Avant de partir, celui qui remplace le Janissaire-Agha désigne un Tchorbadji (colonel), avec quelques soldats et pompiers, pour surveiller pendant trois jours les décombres des maisons, empêcher qui que ce soit d'y faire des fouilles, et éteindre les restes du feu, s'il s'en manifestait encore. Les trois jours étant écoulés, cette garde se retire, et il est permis aux propriétaires de venir reconnaître leurs terrains, dont ils fixent les limites en y faisant des séparations en planches. Ils se mettent provisoirement à couvert, comme ils le peuvent, et reprennent de suite, sans plainte et sans murmure, le cour ordinaire de leurs occupations et de leurs affaires.

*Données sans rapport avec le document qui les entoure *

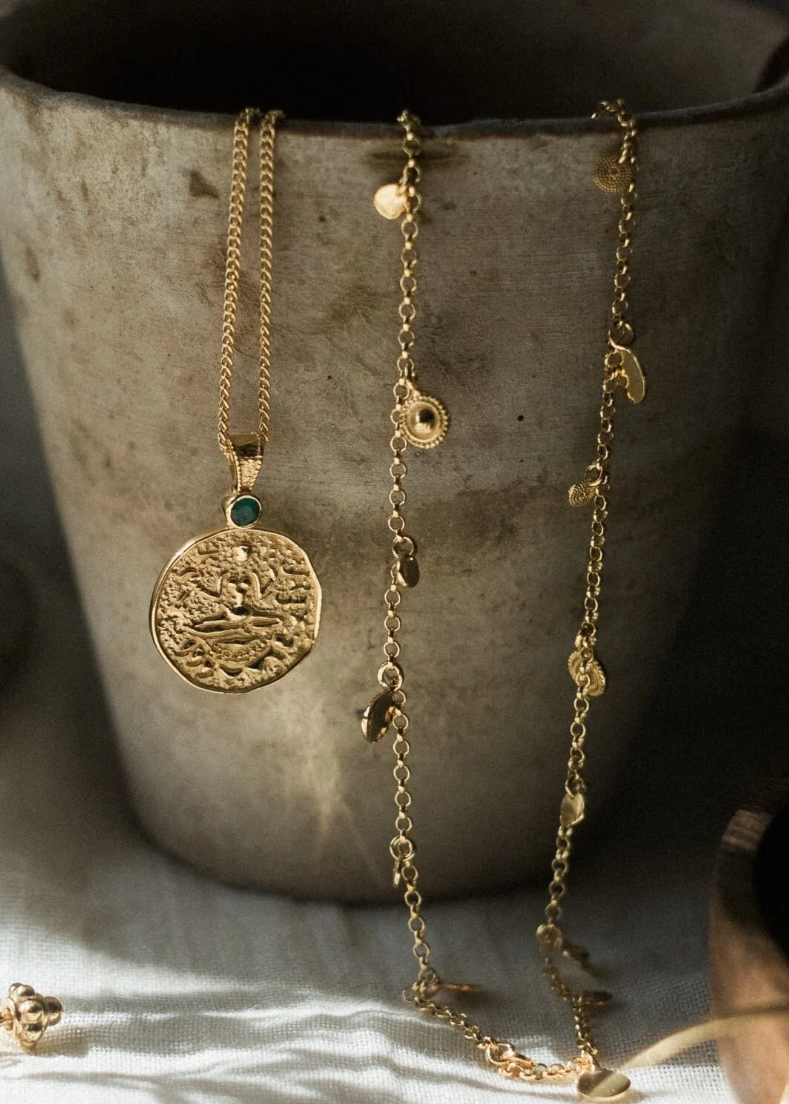 Lakshmi, the radiant goddess of wealth &amp; prosperity, provider of spiritual &amp; material abundance, protector of ill health &amp; adversity, is celebrated in this antique-inspired coin pendant.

Les accidents de feu sont tellement fréquents à Constantinople, qu'on estime que cette ville est entièrement renouvelée tous les cent ans. C'est sans doute par inadvertance que l'éditeur anglais des Oeuvres de lady Montague attribue aux mosquées, et non aux maisons ce cette capitale, une pareille durée [NOTE : Oeuvres de lady Montague, traduites de l'anglais, 1804 ; préface, page XIV]. Sans parler des mosquées que l'on doit à la piété de divers empereurs ottomans, depuis la prise de Constantinople, et qui sont debout depuis leur construction, tout le monde sait que la mosquée de Sainte-Sophie date du sixième siècle, et remonte par conséquent à douze cent ans. Les matières qui entrent dans la construction des maisons des particuliers sont la cause première des accidents du feu ; ces maisons sont presque toutes en bois, et tiennent les unes aux autres. L'usage des tandours [NOTE : table basse à double fond, entourée de sofas et couverte d'un grand tapis, au-dessous de laquelle on place un mangal, brasier rempli de charbons ardents, et facile à renverser], pour suppléer aux cheminées, fait naître un grand nombre de ces accidents.

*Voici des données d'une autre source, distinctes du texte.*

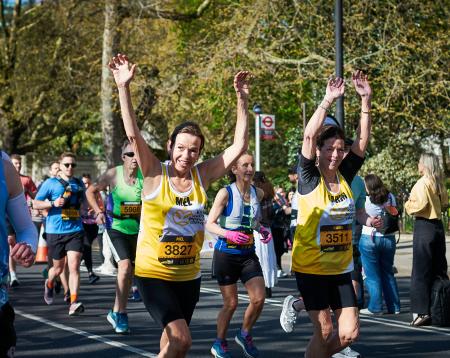 Two women wear yellow vests and run towards camera with their hands in the air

L'incendie comme moyen de protestation
Mais les ravages les plus funestes étaient causés par les Janissaires, qui, lorsqu'ils voulaient donner des signes de mécontentement, ou qu'ils fomentaient une sédition, mettaient le feu dans divers endroits de la capitale. Ces scènes déplorables se renouvelaient pendant plusieurs jours, jusqu'à ce qu'enfin le gouvernement eût accédé à leurs demandes, ou qu'il eût comprimé cette troupe mutine par des actes de vigueur. Ces deux partis étaient également dangereux pour le souverain : trop de faiblesse augmentait l'audace des janissaires, trop de sévérité aigrissait leur ressentiment, et les portait aux plus violents excès. Le peuple lui-même, dans les grandes crises politiques, surtout dans celles qui intéressent sa croyance, manifeste, en mettant le feu, l'inquiétude dont il est tourmenté. Il arrive quelquefois que, dans ces occasions, de dures vérités viennent frapper l'oreille du Souverain. En 1798, notre expédition en Egypte avait inspiré au peuple de la capitale une telle crainte pour la Mecque et Médine, que, trois nuits consécutives, il y eut d'affreux incendies dans Constantinople. A la suite de la seconde nuit, une femme rencontrant Sultan Selim, qui revenait de l'endroit où le feu avait été le plus actif, l'interpella publiquement : "Qu'attends-tu encore, lui dit-elle, le Caire est pris ; as-tu résolu de livrer les lieux saints aux infidèles ?" Ces paroles firent une telle impression sur le prince, qu'étant rentré au Sérail, il ôta sur le champ le sceau de l'Empire au vertueux Grand-vizir, Izzet Mehmet Pacha, qui s'opposait dans le Divan à la déclaration de la guerre aux français. Il répondait constamment à ceux qui opinaient pour la guerre : Se déclarer contre des amis de trois cent ans, et faire alliance avec un ennemi naturel et implacable, je n'y consentirai jamais ! Ce grand-vizir vivait encore, en 1814, à Magnésie, lieu de son exil, où il était universellement chéri et honoré. Izzet Mehmet Pacha fut secondé dans cette honorable résistance par son ami le mufti, Durri-zade, qui, partageant la même opinion, se fit exiler à cette époque, et refusa constamment la fetva (ou sentence légale) qu'on exigeait de lui pour sanctionner la guerre contre les Français.